**Task directions**
Exactly the lines from the one containing "Más de 60 vecinos" through the one containing "Entrance. Separate reference is a picture" in the listing below are to be copied, with the pictures left out.

**Data shown**
▬▬▬▬▬▬

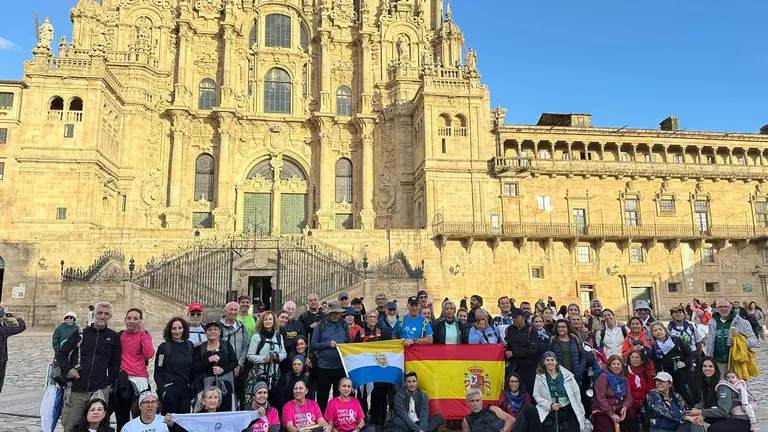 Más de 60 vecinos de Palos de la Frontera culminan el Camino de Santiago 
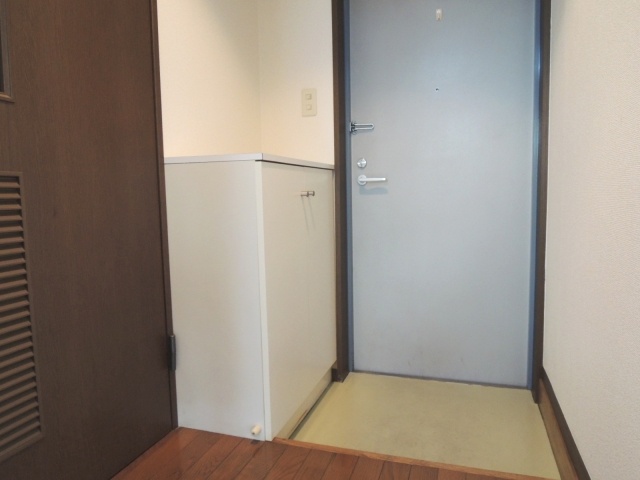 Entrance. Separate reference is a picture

▬▬▬▬▬▬

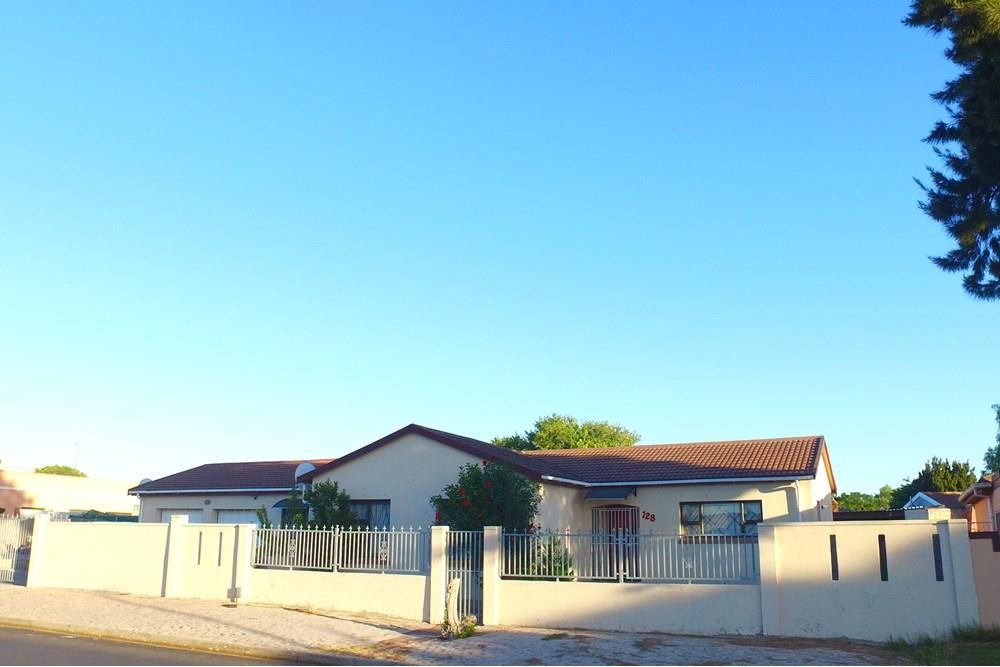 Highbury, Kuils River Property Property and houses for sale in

▬▬▬▬▬▬

**Response**
 Más de 60 vecinos de Palos de la Frontera culminan el Camino de Santiago 
 Entrance. Separate reference is a picture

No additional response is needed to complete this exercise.